Why Henry Lovat thinks that the decision is defensible:
The doctrinal case against the decision is at best debatable: strong, plausible arguments can be made that the PTC was well within the “four corners” of the Rome Statute in making this decision and taking into account its own understanding of the “interests of justice”. Perhaps most fundamentally, it would be absurd for the PTC to be unable to review the Prosecutor’s approach to an issue that the latter is in any event required to take into consideration in electing whether or not to proceed with a proprio motu investigation.
One may quibble with whether or not the PTC made the right strategic decision in the case, but there is nothing in the Rome Statute or subsequent practice to suggest that the PTC should not be able to take into account a wide range of factors in assessing whether a given course of conduct is consistent with the interests of justice: the Prosecutor’s policy paper is often cited in interpreting the “interests of justice”, but this is simply the Office of the Prosecutor’s position – it does not bind the other organs of the court.
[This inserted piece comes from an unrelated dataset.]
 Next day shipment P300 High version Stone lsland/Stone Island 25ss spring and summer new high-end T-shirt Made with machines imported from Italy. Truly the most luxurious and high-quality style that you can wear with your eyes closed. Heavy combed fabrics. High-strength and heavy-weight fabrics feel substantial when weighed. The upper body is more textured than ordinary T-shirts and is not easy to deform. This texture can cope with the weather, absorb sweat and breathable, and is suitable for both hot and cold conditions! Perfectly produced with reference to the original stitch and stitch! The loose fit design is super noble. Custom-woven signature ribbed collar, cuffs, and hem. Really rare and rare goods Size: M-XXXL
On the substantive merits of the decision, the broad approach by the PTC to the Prosecutor’s application – taking into account a broad range of factors – is arguably exactly what the inclusion of reference to the “interests of justice” in the Rome Statute should be for. Academics and activists often point to the overall aim of the court being to fight impunity: the best means of promoting this aim in different circumstances remains open to debate, however. While some decry the intrusion of “politics” into the realm of “law”, the decision arguably simply recognises the reality of the ICC’s position, and the need for the Court to take into account political and strategic reality in making decisions. Indeed, to the extent this is unavoidable, far better for such decisions to be made transparently, where they can be subject to scrutiny on doctrinal and policy grounds, rather than behind closed doors.
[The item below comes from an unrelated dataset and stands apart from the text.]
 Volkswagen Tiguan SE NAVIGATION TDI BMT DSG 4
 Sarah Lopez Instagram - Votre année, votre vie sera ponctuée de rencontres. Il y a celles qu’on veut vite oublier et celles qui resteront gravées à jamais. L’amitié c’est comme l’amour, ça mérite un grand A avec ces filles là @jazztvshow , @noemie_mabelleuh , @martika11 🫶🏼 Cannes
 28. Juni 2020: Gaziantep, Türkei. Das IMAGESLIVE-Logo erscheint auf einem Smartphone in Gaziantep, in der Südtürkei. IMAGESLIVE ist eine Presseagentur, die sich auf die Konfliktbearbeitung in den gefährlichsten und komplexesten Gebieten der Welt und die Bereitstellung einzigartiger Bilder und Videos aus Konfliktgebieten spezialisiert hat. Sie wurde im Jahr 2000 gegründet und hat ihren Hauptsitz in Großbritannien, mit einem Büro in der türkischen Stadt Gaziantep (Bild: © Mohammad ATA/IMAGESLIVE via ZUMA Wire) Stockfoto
Last, it might be argued that this decision undermines (variously) the reputation, credibility, legitimacy and/or authority of the Court. This will undoubtedly be true in the eyes of some constituencies. Such claims though, risk overlooking the extent to which the Court’s reputation etc. varies from constituency to constituency: different actors and communities will perceive different courses of action as being reputation and legitimacy-enhancing or diminishing, and which constituencies matter most will vary from case to case. The organs of the Court (like other international institutions) accordingly need to cater to the concerns of multiple groups of stakeholders: these do not include only victims and civil society, they also extend to different groups of states and ultimately to the governments that set and have the ability to affect the Court’s mandate and effectiveness - and, indeed its continued existence - including that of the US.
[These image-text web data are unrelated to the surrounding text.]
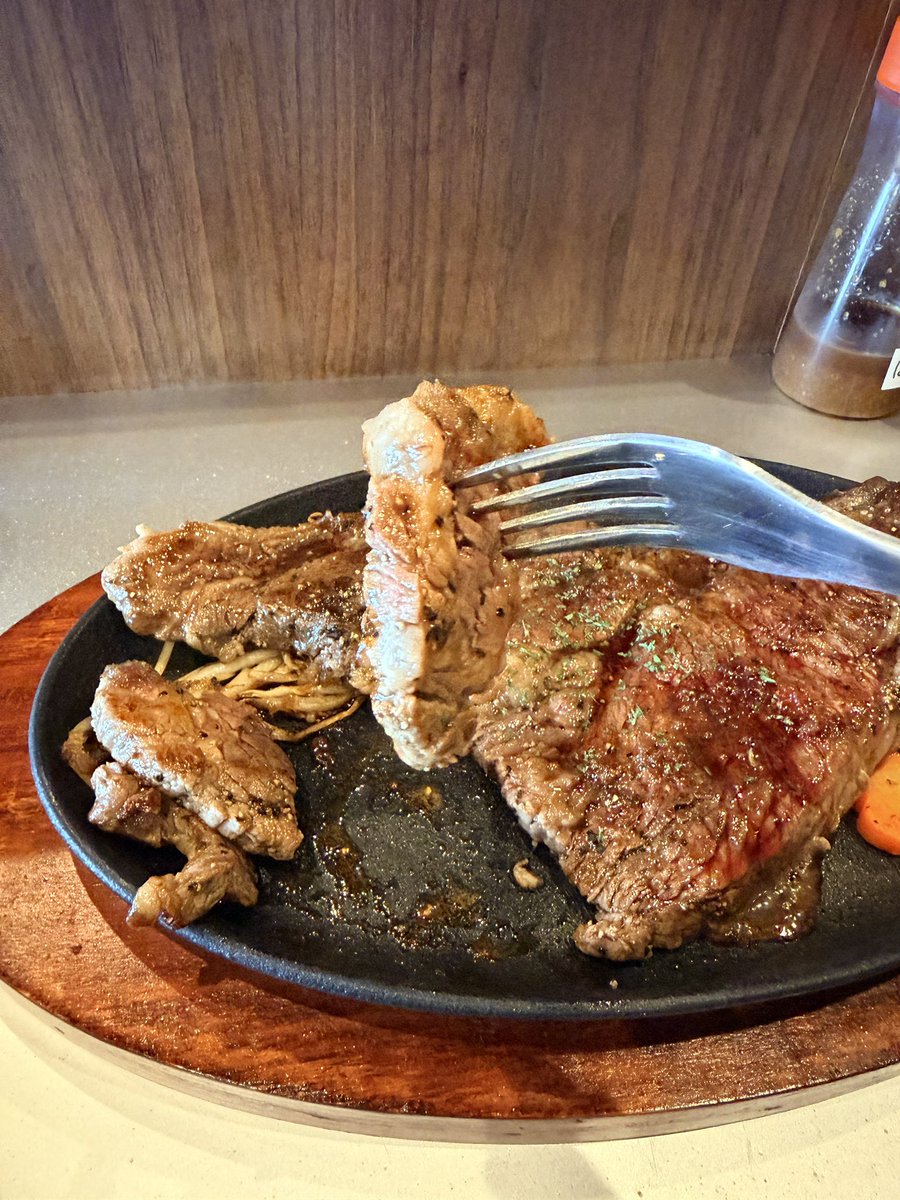 JIMOHACK3's tweet photo. 仙台市中野栄にオープンした「JOステーキ」へ。

「そりゃ臭うさ、ニンニクだもの」という目を引く看板を掲げたステーキ専門店。

看板メニューの「JOステーキ」は柔らかく、噛むほどに肉の旨みがじゅわっと出て旨し！

ただニンニクの風味は看板から想像するほどガツンとは来ず、先に鼻に来るのはバターの香り。

肩ロースの一枚肉ステーキはデフォで400g、噛み締めて味わう系。

ライスとスープはおかわり自由という太っ腹、たくさん食べたい人はぜひ。

https://t.co/J2i4soxWRK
None of this is to say that the PTC has necessarily made the right choice in declining the Prosecutor’s request in this case. Doctrinal debate on this point will doubtless continue, as will arguments over the strategic wisdom of the decision. To remain open-minded about the latter point, however, should not be understood as implying that the Court’s judges should not be able to ensure that the Court take strategic factors into account in determining whether a given course of conduct is consistent with the “interests of justice”. Rather, the availability of a wide latitude of discretion on this point is, provided exercised wisely and transparently, capable of enhancing rather than undermining the Court’s credibility and legitimacy in the eyes of key stakeholders, and hence advancing its ability to pursue the broader aim of ending impunity.